Sometimes I think my next tattoo should be a donkey.

A more prosaic decision is also on the horizon, namely what (if anything) to do this weekend. We have a couple things coming up over where my parents live (about an hour from here). I never want to leave the house when faced with the choice, but that doesn’t seem to correlate with whether I enjoy myself once I do. At the same time, it’s rare that I end up regretting the decision either way, so I can’t really use that as a criterion, either.

Coding continues apace. I’ve chipped away at the project I’m over-coding for my day job (I decided to do a terminal, text-based interface in a web browser), as well as the memorization/concentration thing. For the latter, I’ve basically figured out the page layout so that it scales/rearranges itself well. I haven’t tested it a ton, but (1) this is mostly for me, so whatever, and (2) I don’t know how I could realistically check all the possible permutations of screen resolution, browser window size, and number of cards.

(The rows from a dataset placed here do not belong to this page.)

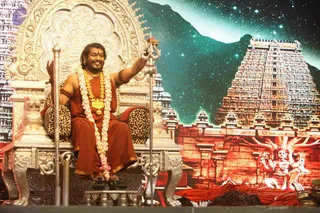 A seated man on an ornate silver throne with leopard-print cushions, wearing a rust-orange robe with gold trim, a long flower garland, a gold pendant necklace and a rudraksha-style bracelet, smiling and raising a silver trident-like staff in his right hand. Behind him a large backdrop shows a starry night sky over a red-tinted gopuram temple tower and a deity murti. Small brass oil lamps and offerings sit on the stage below. The seated figure is the only visible person.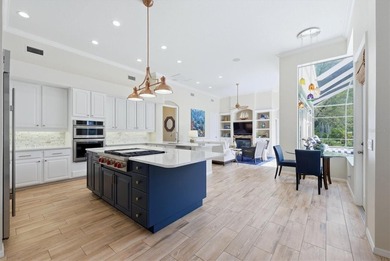 Step into a stunning, light-filled residence where elegance on University Park Country Club in Florida - for sale on GolfHomes.com, golf home, golf lot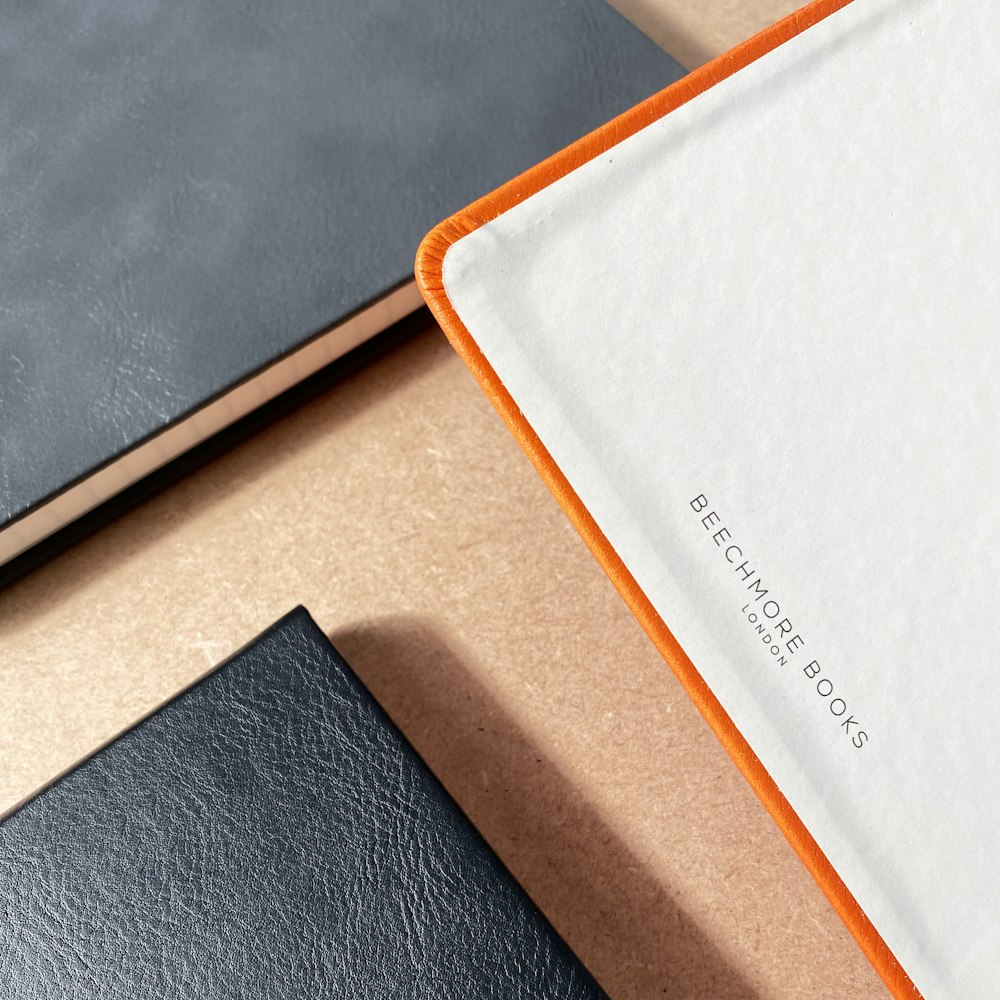 white and orange book on black leather textile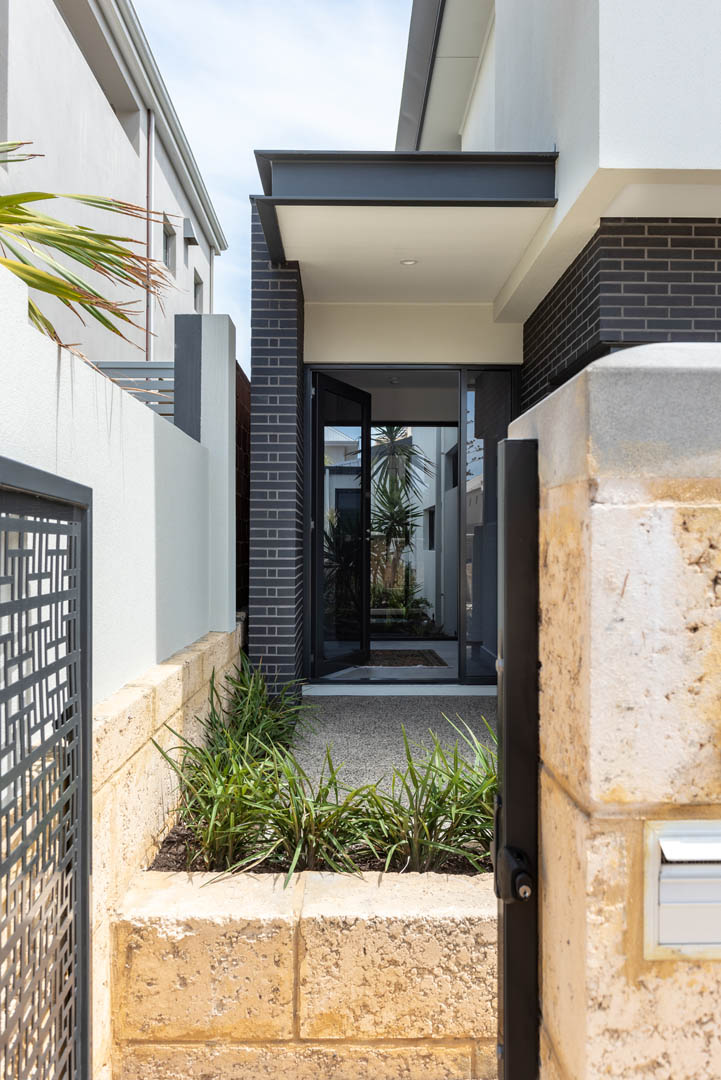 Front entry path with limestone walls and dark brick in Mindarie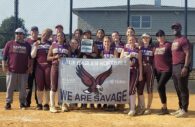 The Savage Lady Eagles, including players and coaches posing on field, holding a banner.  (Photo provided by Savage Lady Eagles)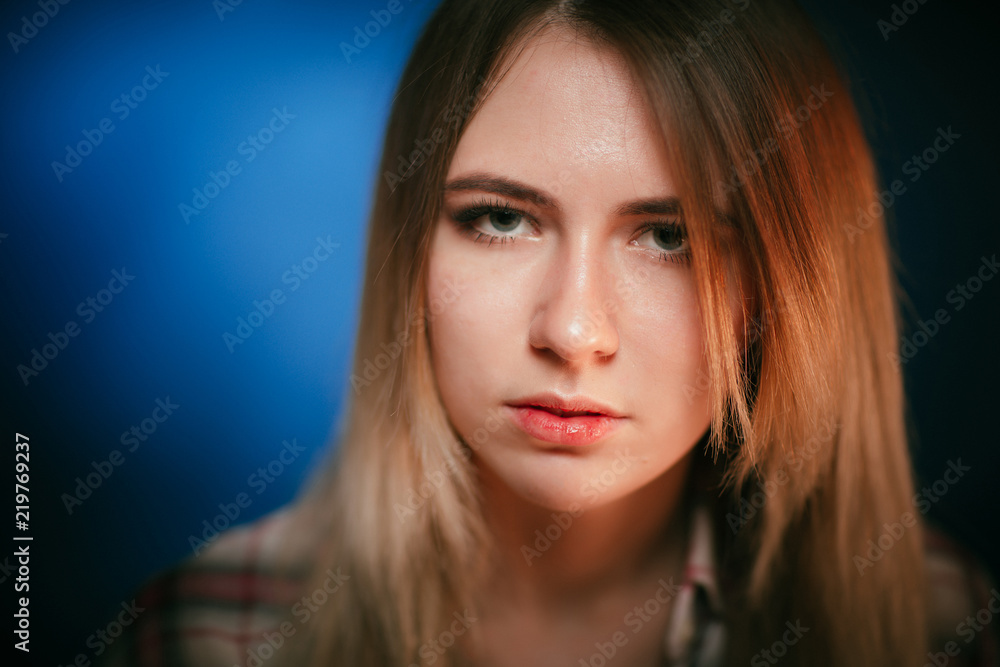 portrait smiling girl on blue background in studio portrait smiling girl on blue background in studio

I also had to sort out my initial dataset (the alphabet for Biblical Hebrew), which was more complicated than I expected. It turns out that the vowel markers (those “dots” above and below the actual letters) have not been consistent over the centuries, so I had to sort out what I would need to know to read the Old Testament versus, say, what’s used in Modern Hebrew. There was also an added rub in that my textbook doesn’t use the same transliteration scheme for their names as elsewhere. It also forced me to figure out how to do combining characters, which thankfully didn’t prove to be too difficult.

Next on the to-do list is to do a modal for picking between data sets. I’d eventually like to allow it to load data from a file too, but don’t want to have to load a file every time I use it. The longer term approach will probably be to have a sub-directory on my site that contains them all, and then just hope I can get a directory listing (or hard code the file names). Whether I go beyond that (allowing the loading of an arbitrary file) remains to be seen.

There are also a couple household tasks that I need to finally get done, namely finishing painting a wall in my home office and putting up a motion light on the outside of the house. This does kinda suggest staying home this weekend (or at least minimizing what we do); there’s one thing each on Saturday and Sunday, and they both would eat up a solid half of the day. Given that I have to catch my brain when it feels like doing something to get anything done, having somewhere to be can really screw that up (doubly so where, as here, it’s later in the day rather than first-thing).